Described designs of vortex spraying countercurrent mass transfer apparatuses and methods for calculating their hydrodynamic and mass transfer characteristics have been implemented in the technological processes in the industry, mainly as follows:
– distribution of products in the synthesis of butoxy-butenine;
– purification of gas emissions from dimethylformamide (dimethylacetamide); purification of gas emissions from ammophos production from fluorine and ammonia;
– natural gas dehydration.
Thus, developing a method for countercurrent mass transfer in vortex flows has allowed us to improve designs of highly efficient mass transfer apparatuses, in which vortex countercurrent motion of phases is carried out in the entire volume of a vortex chamber. As a result, a change in the concentration of phases is achieved, corresponding to several theoretical stages of change in concentration. Such organization of flows allows one to carry out mass transfer processes in smaller volumes, reduce the number of steps and the dimensions of apparatuses, and reduce the consumption of material and reflux in the rectification process. As a result, more significant savings in materials and energy are provided.

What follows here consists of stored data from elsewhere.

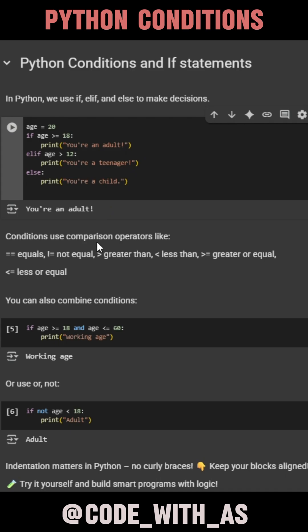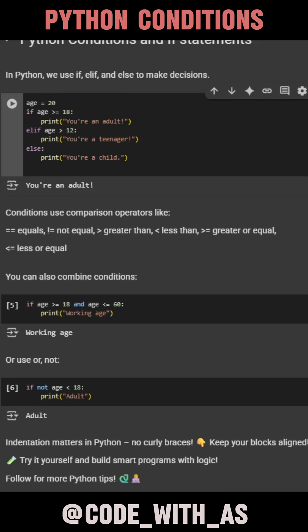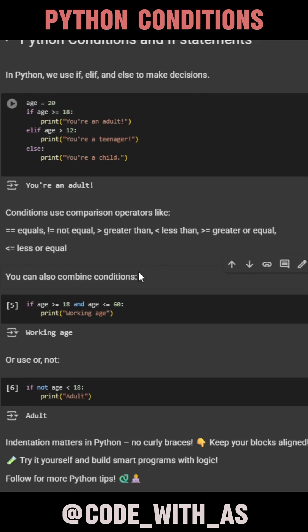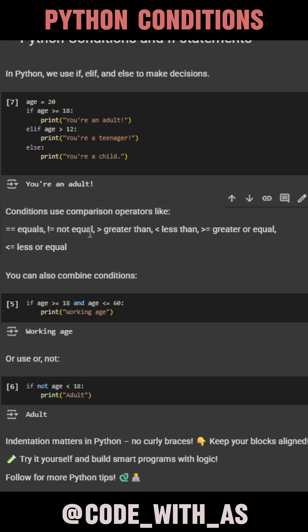For example, we set age equals 20. If age is greater than or equal to 18, it prints 'You're an adult.' Elif age is greater than 12, it prints 'You're a teenager.' Otherwise, it prints 'You're a child.'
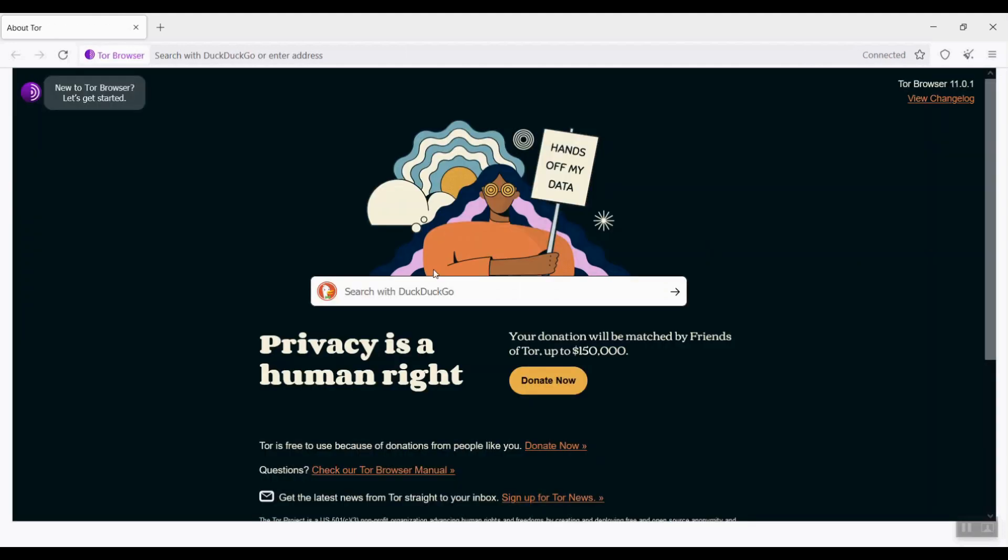The landing page is DuckDuckGo search engine page. DuckDuckGo is like Google, but it claims to be an anonymous search engine. It doesn't log any user search activity. When using Tor browser, we should use DuckDuckGo search engine as the starting point.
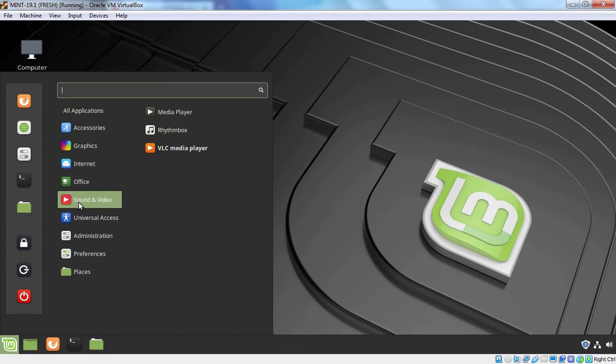So this is the way how we can install Multimedia Codec in Linux Mint computer. That concludes our video demonstration. Thank you all for watching this video.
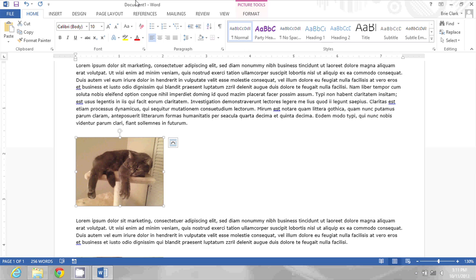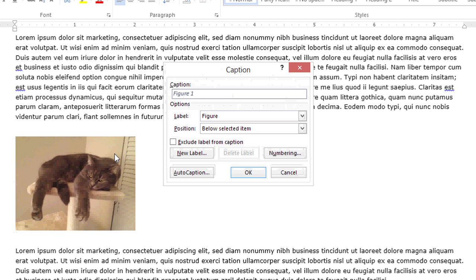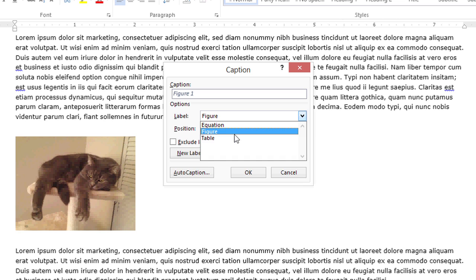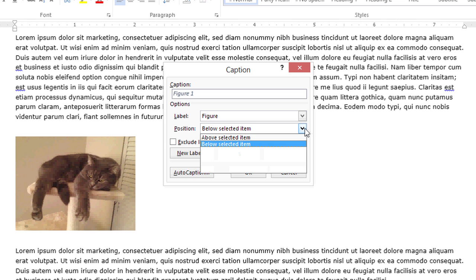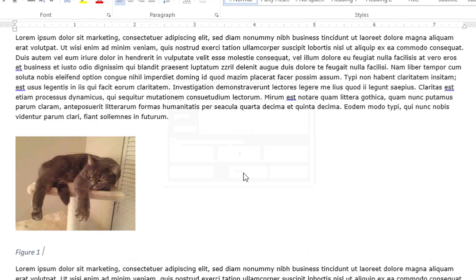In this document, I'm going to start by adding a caption to this picture of a cat. So I'll click on the picture, and then I'll right-click on it and pick Insert Caption. Notice that it says Figure 1 is the caption, but I have other options for equation or table. I could also create a new label if I wanted to, and I can pick the position. I'm going to go with Below Selected Item, which is already the default, and I'm going to click OK. And now I see Figure 1 labeling that picture.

In the monograph, mathematical models of two-phase vortex countercurrent flow in the entire volume of a working chamber are given. Along with creating highly efficient designs, much attention is paid to studying various factors restraining the widespread implementation of the considered mass transfer approach. Particular attention is also paid to promising designs of mass transfer equipment to identify possible ways of developing vortex spraying countercurrent mass transfer apparatuses.
It is noteworthy that the authors paid particular attention to the effect occurring due to exposure high-speed gas flow (with the transverse velocity gradient) on internal flows in liquid droplets. Notably, it has been proven for the first time that this effect intensifies internal currents inside droplets and the mass transfer process in the vortex spraying countercurrent mass transfer apparatus.
The results have been achieved within the research project of Sumy State University “Creation of new granular materials for nuclear fuel and catalysts in the active hydrodynamic environment” (State Reg. No. 0120U102036) ordered by the Ministry of Education and Science of Ukraine due to the close cooperation between the Department of Chemical Engineering, the Department of Computational Mechanics named after Volodymyr Martynkovskyy of Sumy State University (Sumy, Ukraine), and the Faculty of Manufacturing Technologies with a seat in Prešov of Technical University of Košice (Prešov, Slovakia) under the support of the International Association for Technological Development and Innovations.